*TASK BRIEF*.
The material below includes pictures; leave them out and return only the lines between the line containing "Framed Print : Norwegian Forest Cat - sitting Framed" and the line containing "mohsen nataj gharibeh 2025 03 16 18 45", inclusive, word for word.

*RECORDED DATA*.

-------

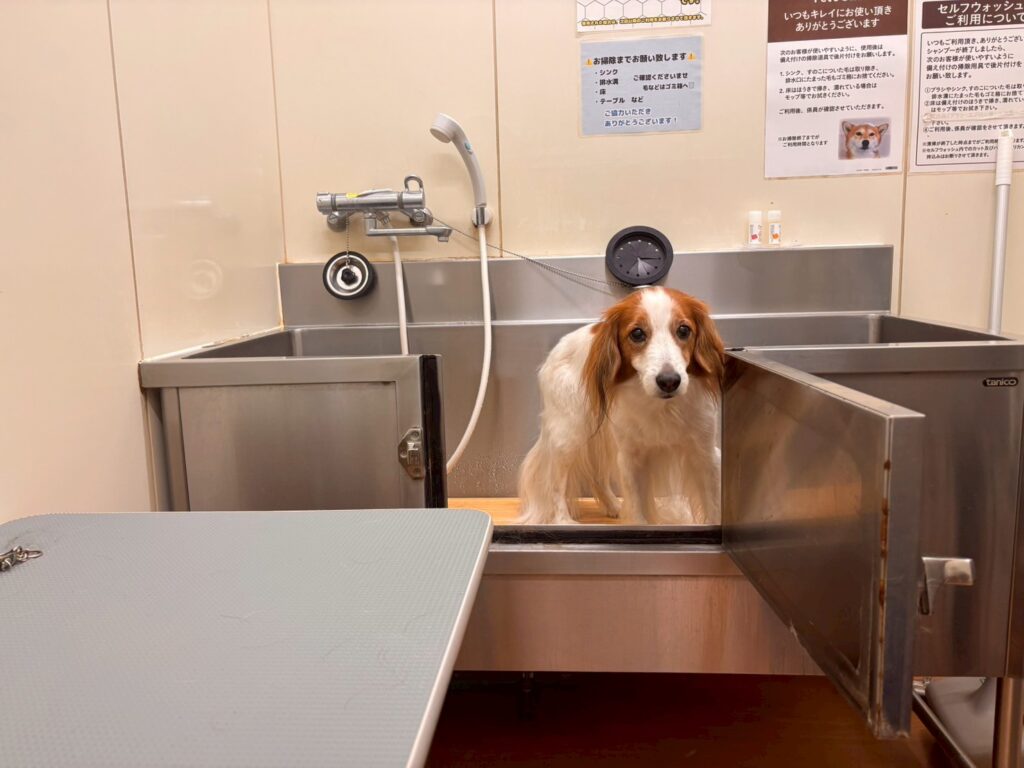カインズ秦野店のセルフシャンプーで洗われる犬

-------

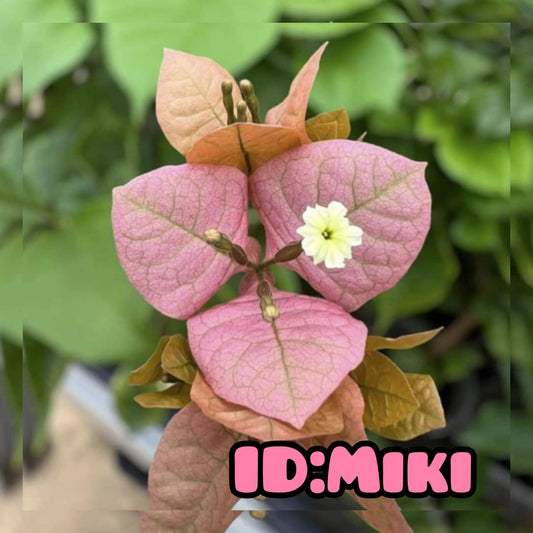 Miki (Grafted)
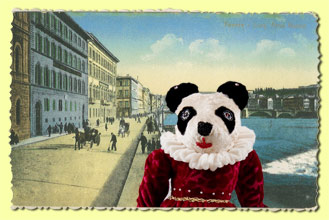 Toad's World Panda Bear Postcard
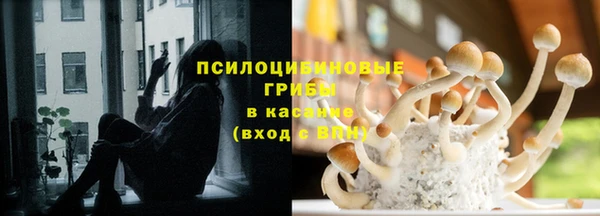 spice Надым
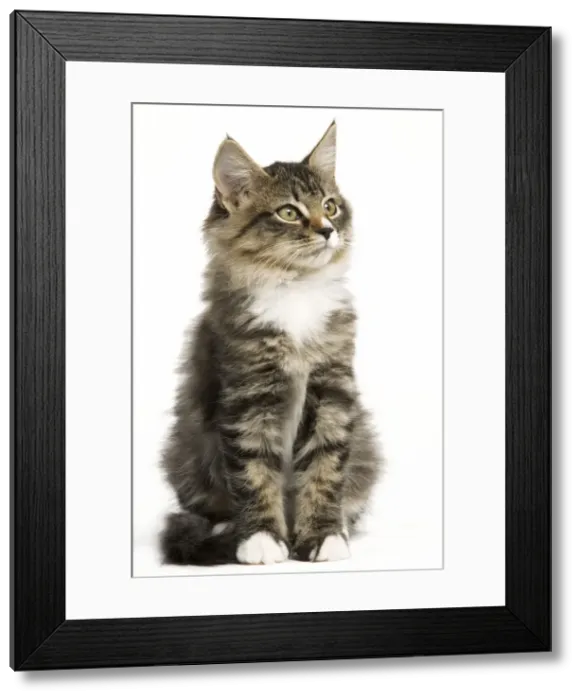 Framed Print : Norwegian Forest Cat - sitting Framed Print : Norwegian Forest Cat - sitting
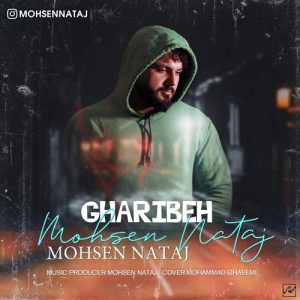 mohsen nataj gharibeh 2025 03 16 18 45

-------

*THE ANSWER*.
 Framed Print : Norwegian Forest Cat - sitting Framed Print : Norwegian Forest Cat - sitting
 mohsen nataj gharibeh 2025 03 16 18 45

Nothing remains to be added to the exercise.